[Data excerpts — start]

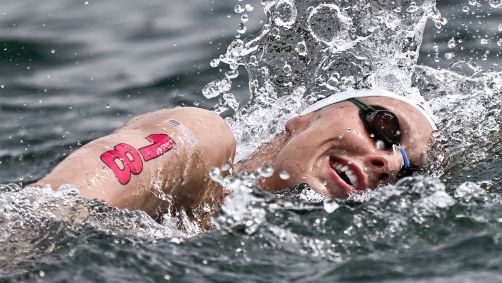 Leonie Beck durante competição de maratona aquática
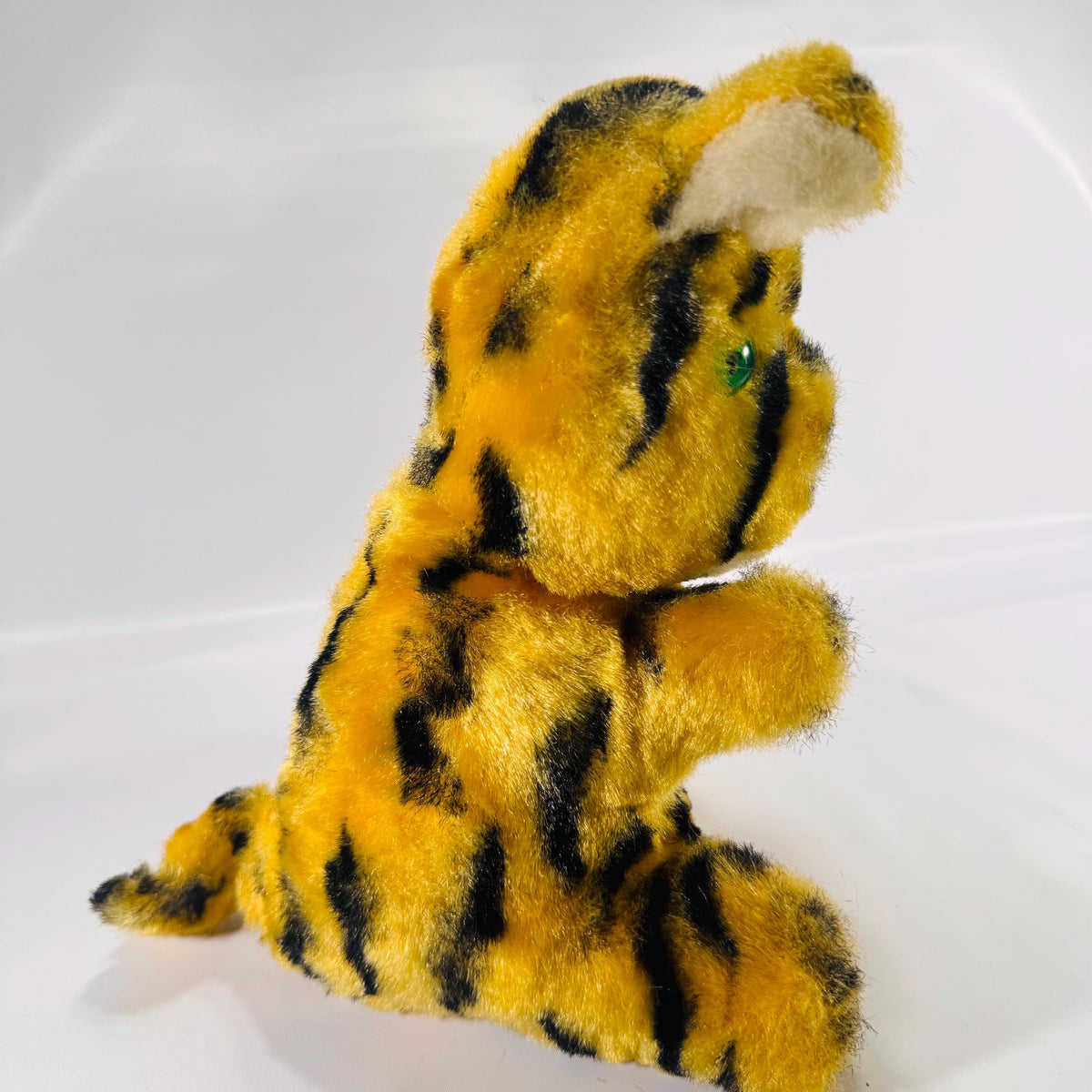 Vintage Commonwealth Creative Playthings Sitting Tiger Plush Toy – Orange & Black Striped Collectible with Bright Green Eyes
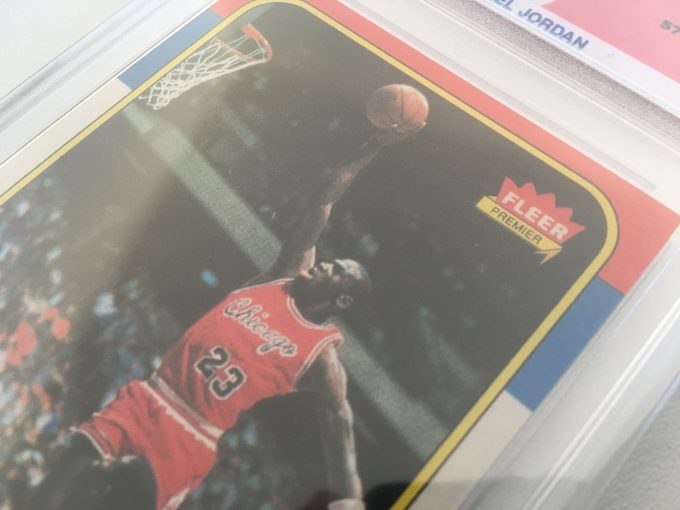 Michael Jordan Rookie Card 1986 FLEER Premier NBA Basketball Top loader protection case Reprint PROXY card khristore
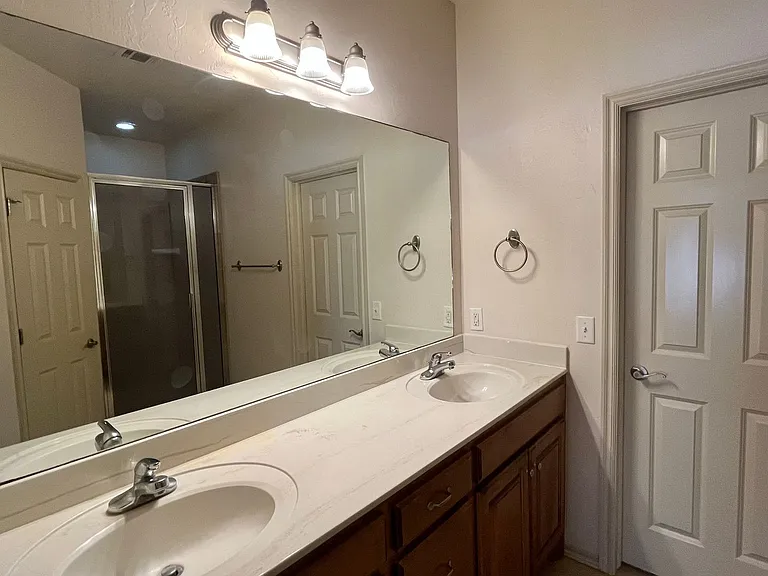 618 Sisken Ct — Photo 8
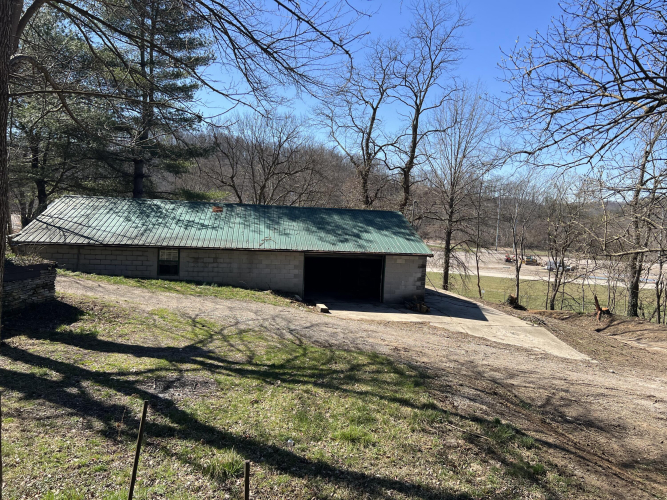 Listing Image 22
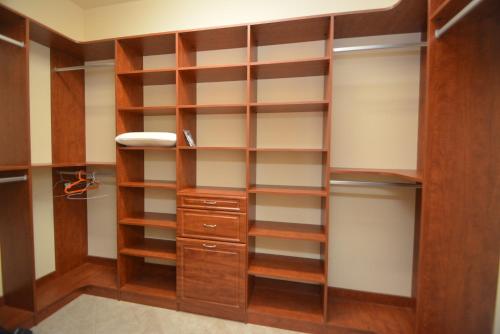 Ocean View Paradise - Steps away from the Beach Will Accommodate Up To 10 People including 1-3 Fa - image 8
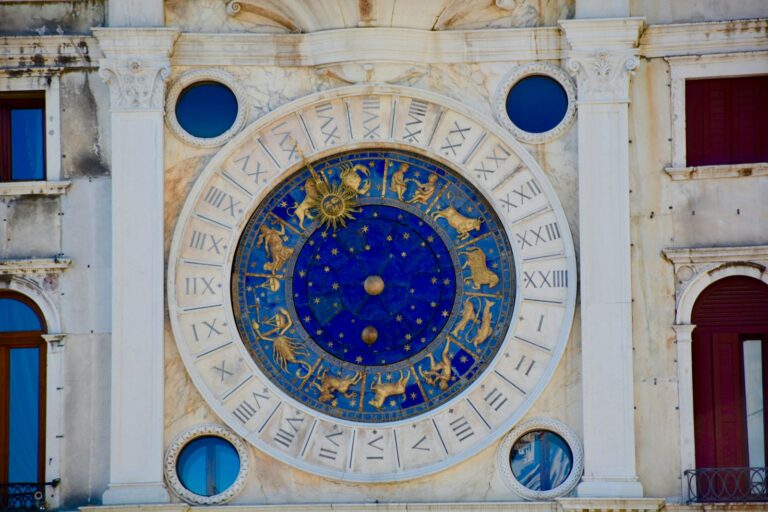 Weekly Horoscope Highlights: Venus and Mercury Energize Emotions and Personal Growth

[Data excerpts — finish]

▶ [Work instructions]
What's needed here is an exact repeat of all the records above, pictures excluded.

▶ [Answer for this exercise]
 Leonie Beck durante competição de maratona aquática
 Vintage Commonwealth Creative Playthings Sitting Tiger Plush Toy – Orange & Black Striped Collectible with Bright Green Eyes
 Michael Jordan Rookie Card 1986 FLEER Premier NBA Basketball Top loader protection case Reprint PROXY card khristore
 618 Sisken Ct — Photo 8
 Listing Image 22
 Ocean View Paradise - Steps away from the Beach Will Accommodate Up To 10 People including 1-3 Fa - image 8
 Weekly Horoscope Highlights: Venus and Mercury Energize Emotions and Personal Growth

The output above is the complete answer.